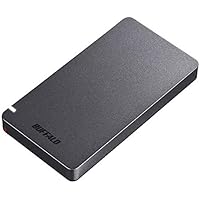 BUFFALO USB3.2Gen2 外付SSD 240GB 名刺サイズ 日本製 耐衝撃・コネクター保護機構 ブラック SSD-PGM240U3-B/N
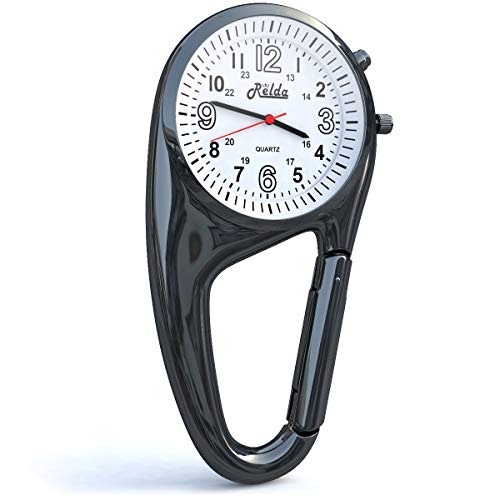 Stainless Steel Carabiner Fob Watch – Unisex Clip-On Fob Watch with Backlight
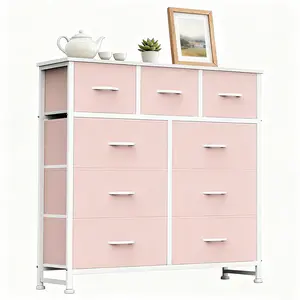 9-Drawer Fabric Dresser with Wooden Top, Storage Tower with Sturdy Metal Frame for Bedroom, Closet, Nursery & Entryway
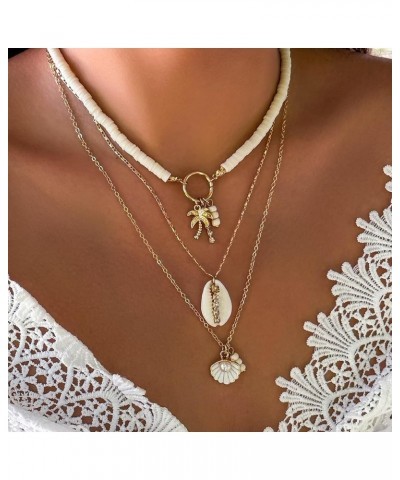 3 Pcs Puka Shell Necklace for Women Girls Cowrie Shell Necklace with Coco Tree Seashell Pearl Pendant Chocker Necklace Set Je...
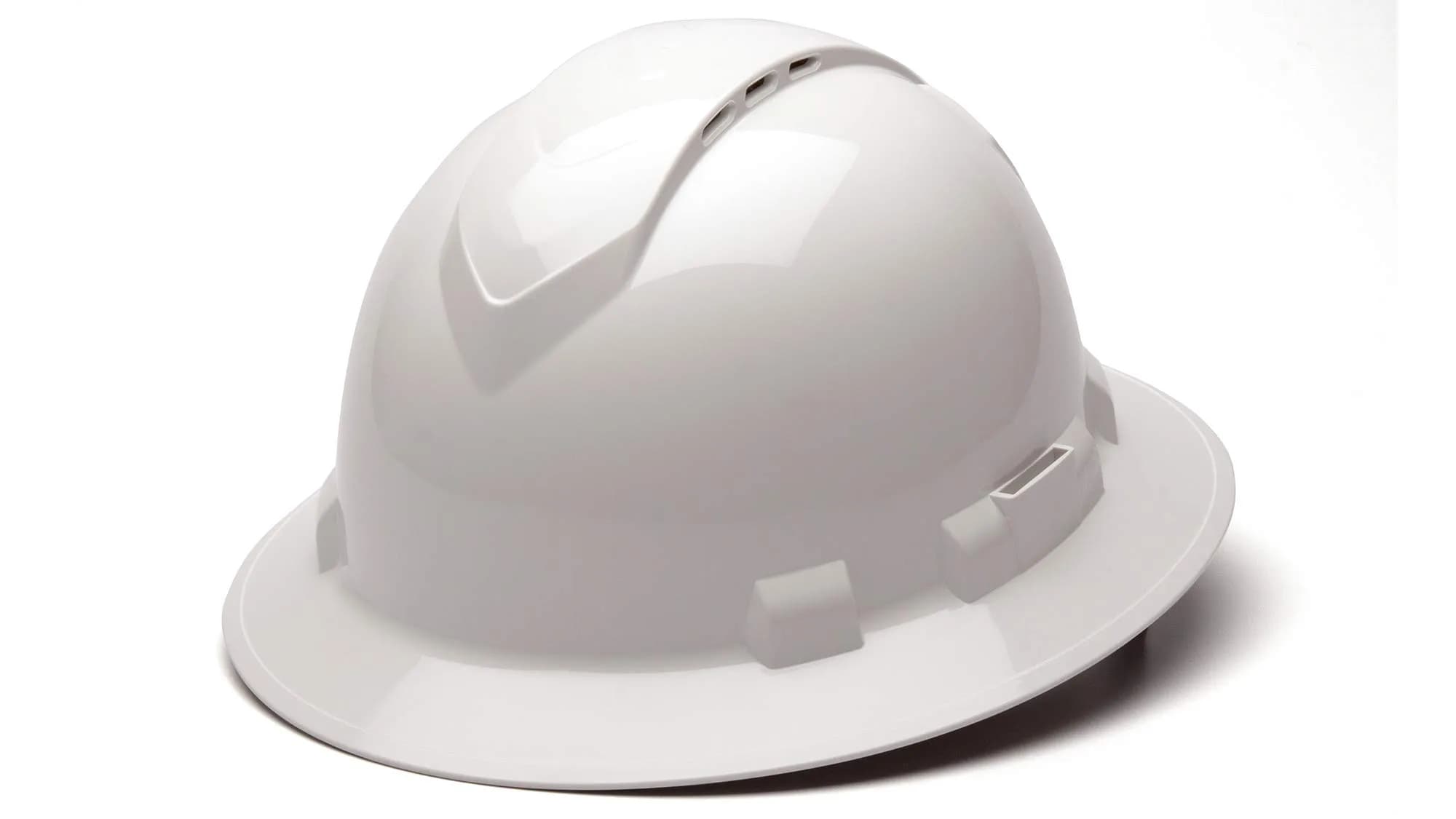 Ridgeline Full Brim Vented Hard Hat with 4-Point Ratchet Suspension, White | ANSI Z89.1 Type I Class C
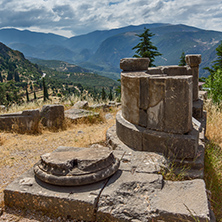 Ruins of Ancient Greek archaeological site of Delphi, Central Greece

◆ ◆ ◆

● **Exercise goal**:
Every line from the one holding "9-Drawer Fabric Dresser" through the end of the records above must be reproduced verbatim, pictures excepted.

● **The completed task**:
 9-Drawer Fabric Dresser with Wooden Top, Storage Tower with Sturdy Metal Frame for Bedroom, Closet, Nursery & Entryway
 3 Pcs Puka Shell Necklace for Women Girls Cowrie Shell Necklace with Coco Tree Seashell Pearl Pendant Chocker Necklace Set Je...
 Ridgeline Full Brim Vented Hard Hat with 4-Point Ratchet Suspension, White | ANSI Z89.1 Type I Class C
 Ruins of Ancient Greek archaeological site of Delphi, Central Greece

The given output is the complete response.